학술논문

nMNSD—A Spiking Neuron-Based Classifier That Combines Weight-Adjustment and Delay-Shift
Document Type
article
Source
Frontiers in Neuroscience, Vol 15 (2021)
Subject
classification
delay learning
MNSD
online learning
spike latency
heterosynaptic plasticity
Neurosciences. Biological psychiatry. Neuropsychiatry
RC321-571
Language
English
ISSN
1662-453X
Abstract
The recent “multi-neuronal spike sequence detector” (MNSD) architecture integrates the weight- and delay-adjustment methods by combining heterosynaptic plasticity with the neurocomputational feature spike latency, representing a new opportunity to understand the mechanisms underlying biological learning. Unfortunately, the range of problems to which this topology can be applied is limited because of the low cardinality of the parallel spike trains that it can process, and the lack of a visualization mechanism to understand its internal operation.

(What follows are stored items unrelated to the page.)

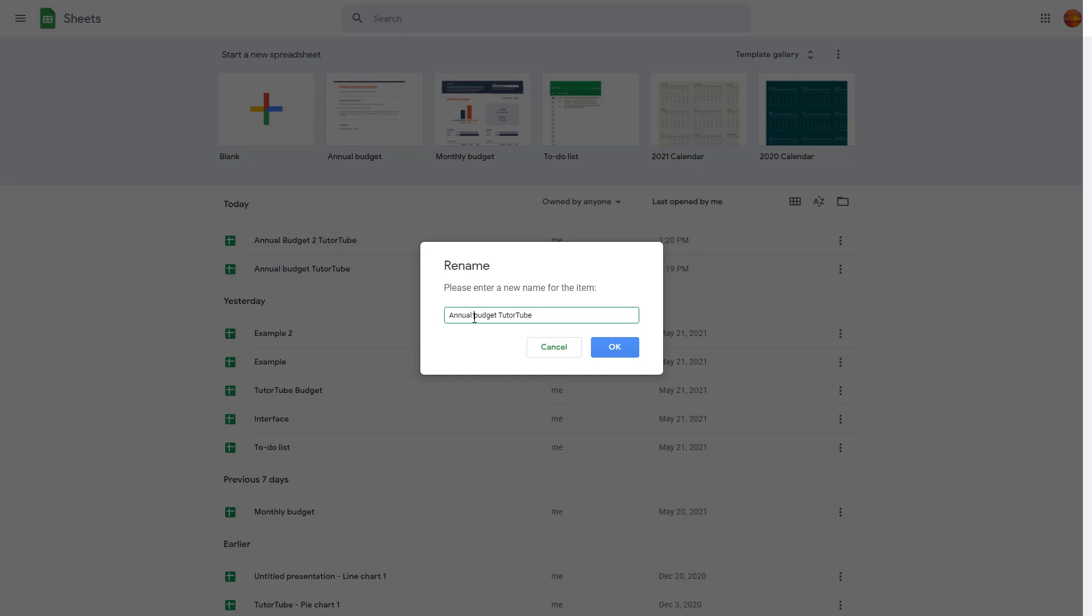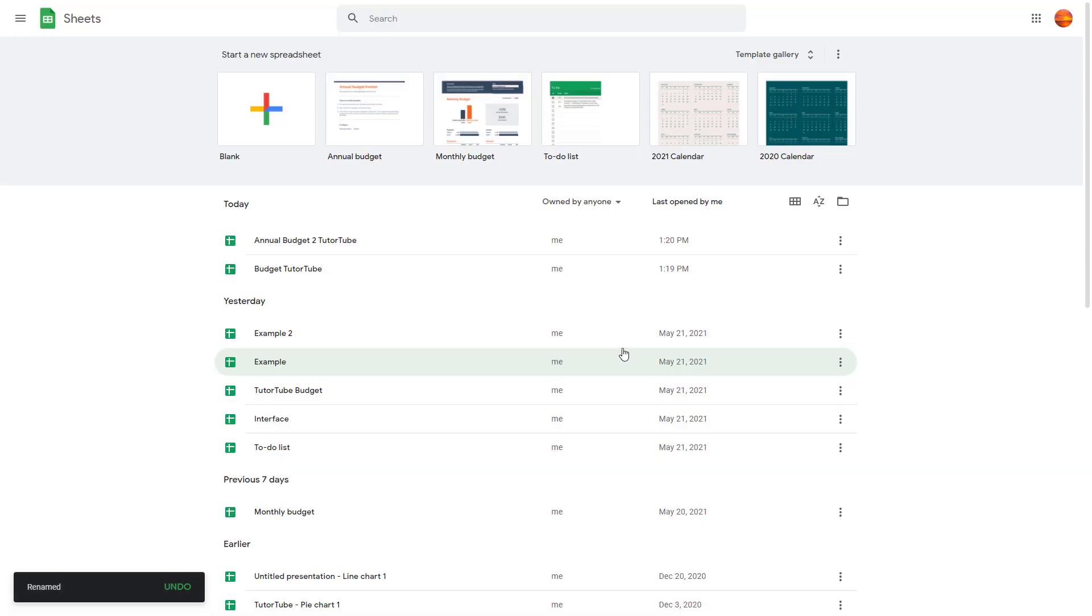So here instead of Annual Budget I'm just going to type in Budget right here, Budget 222. That's it and I'm going to press OK and now the file has been renamed.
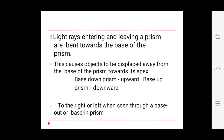Light rays entering and leaving a prism are bent towards the base of the prism. This causes the object to be displaced away from the base towards the apex. So: base down prism gives an upward image, and base up prism gives a downward image — it is an opposite behavior. Similarly, base out prism displaces image towards the pupil, and base in prism displaces it away.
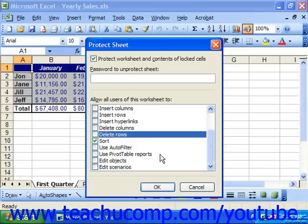When you're ready, note that you can put in the password to protect the sheet in the Password to Unprotect Sheet text box if desired, and then just click OK when you're finished.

We present here the nMNSD structure, which is a generalization of the MNSD to any number of inputs. The mathematical framework of the structure is introduced, together with the “trapezoid method,” that is a reduced method to analyze the recognition mechanism operated by the nMNSD in response to a specific input parallel spike train. We apply the nMNSD to a classification problem previously faced with the classical MNSD from the same authors, showing the new possibilities the nMNSD opens, with associated improvement in classification performances. Finally, we benchmark the nMNSD on the classification of static inputs (MNIST database) obtaining state-of-the-art accuracies together with advantageous aspects in terms of time- and energy-efficiency if compared to similar classification methods.